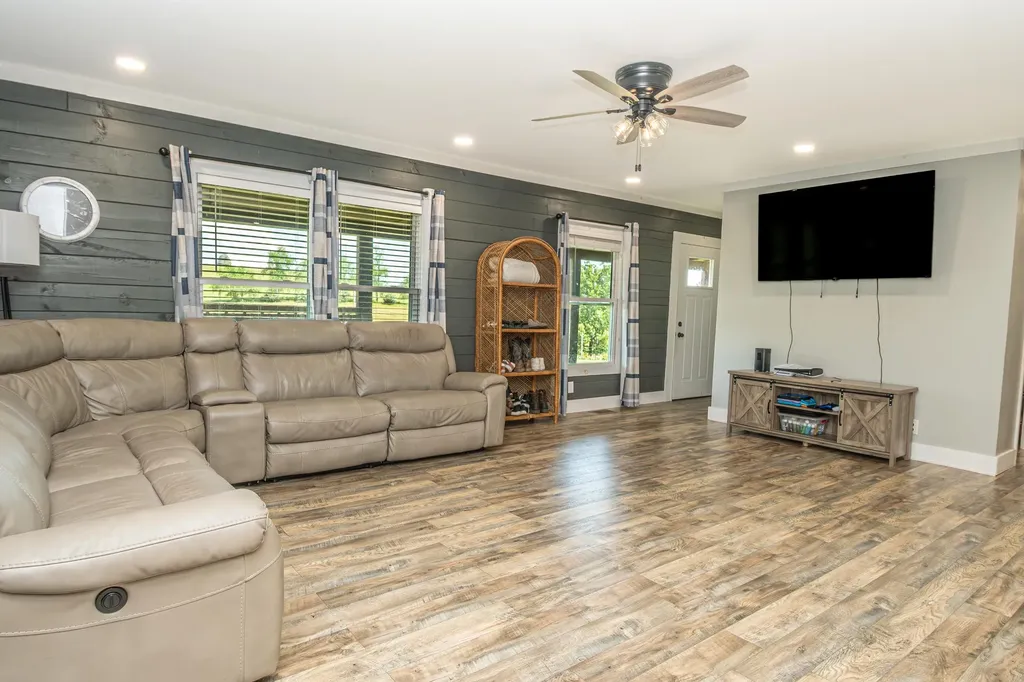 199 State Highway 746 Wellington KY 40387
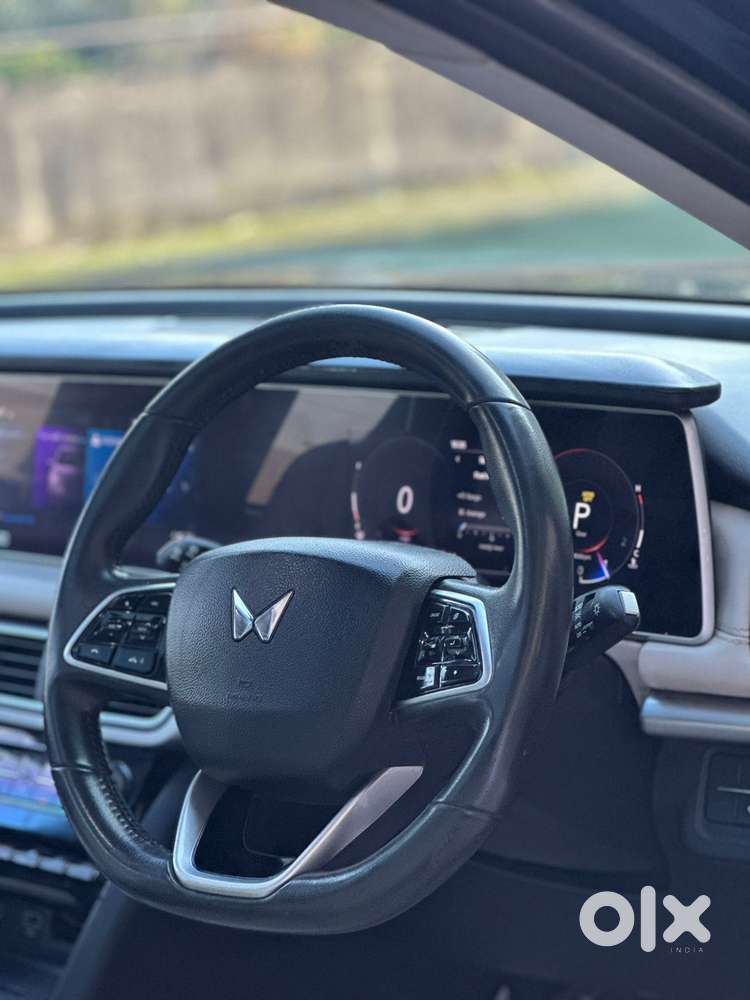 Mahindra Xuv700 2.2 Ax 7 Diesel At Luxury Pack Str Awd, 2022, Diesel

...

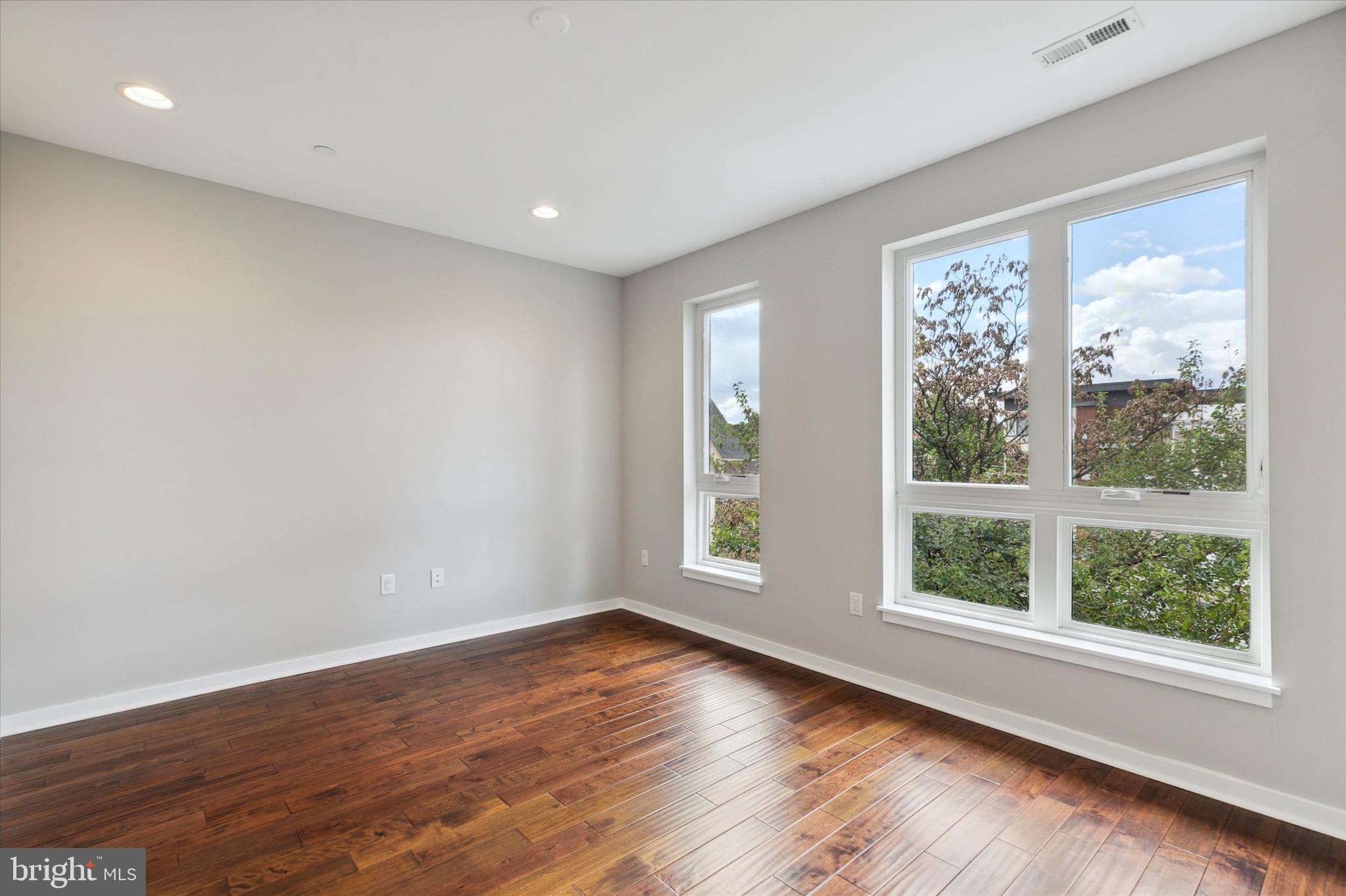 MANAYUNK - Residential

▸ **Exercise objective**:
Write down exactly what the lines above say, from the line holding "199 State Highway 746 Wellington KY 40387" through the line holding "Mahindra Xuv700 2.2", and nothing more. Do not copy the pictures.

▸ **Task answer**:
 199 State Highway 746 Wellington KY 40387
 Mahindra Xuv700 2.2 Ax 7 Diesel At Luxury Pack Str Awd, 2022, Diesel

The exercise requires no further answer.